行進曲「美中の美」
 「美中の美」は、ジョン・フィリップ・スーザ(1854〜1932)が、1908年に自身のバンド(スーザ・バンド)を率いてボストンの食品博覧会に招待された時に作曲された行進曲である。
 この曲は、スーザの行進曲の中でももっとも美しく素晴らしいメロディをもっているものと言われている。実は、スーザ・バンドは、この博覧会には数年前から毎年招待を受けており、スーザは展示会場で働く、1人の若くて美しい魅力的な女性に心をとどめていて、いずれは彼女の印象を音楽に書こうと心に決めていた。そこで、1908年に招待された時に、その美しい女性を思い出しながらこの曲を書き、「美中の美(The he Faierst of the Fair)」というタイトルを付けたというエピソードがある。ちなみに、タイトルの“fair”には、“美人”という意味のほかに“博覧会”という意味もあり、「美人の中でももっとも美しい」と「博覧会の中でもっとも素晴らしい博覧会」という2つの意味をもったネーミングになっている。
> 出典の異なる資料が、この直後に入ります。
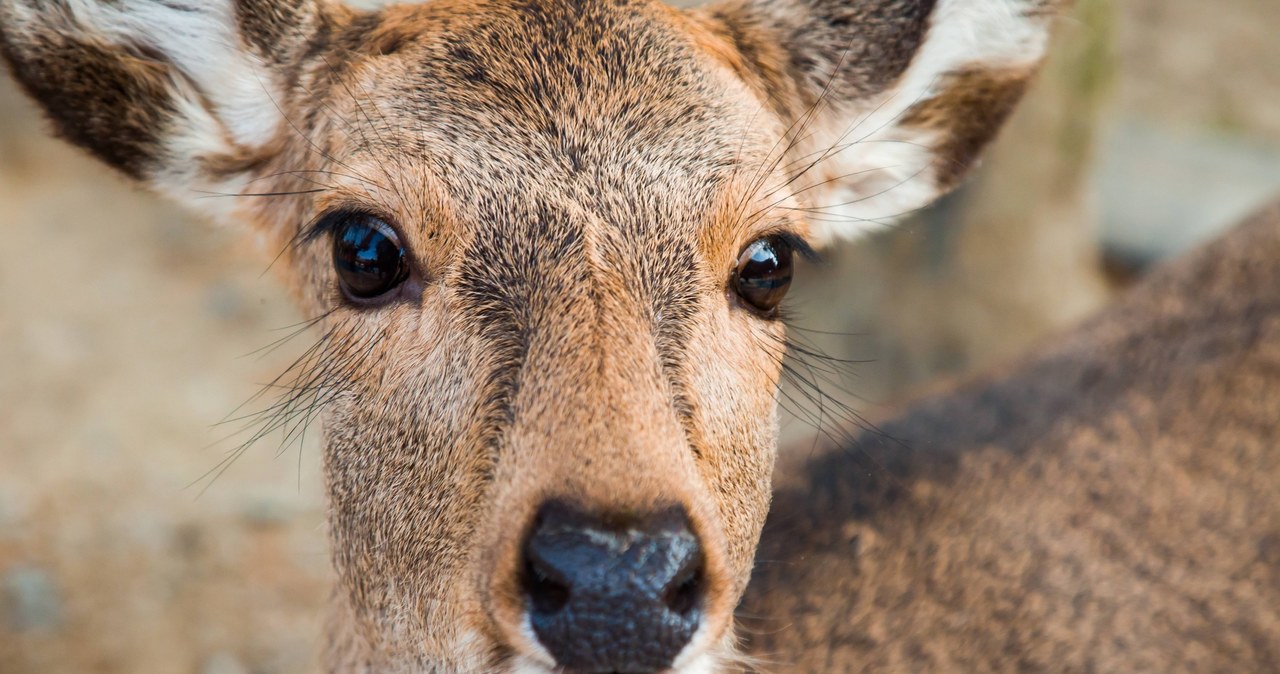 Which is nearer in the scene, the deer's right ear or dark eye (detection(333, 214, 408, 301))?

 さて、まったく個人的な思い入れとしては、まだ小学生だった私は、この曲と「士官候補生」の演奏をNHKの「名曲アルバム」で聴き、風にたなびく星条旗や、スーザフォンを担いで演奏するマーチングバンドの映像にも魅せられ、それまでまったく無縁無関心だった(当時の音楽の成績は1か2ばかり……)音楽の世界へ興味を持ち、やがては中学校で吹奏楽部に入部するきっかけとなった曲なのです。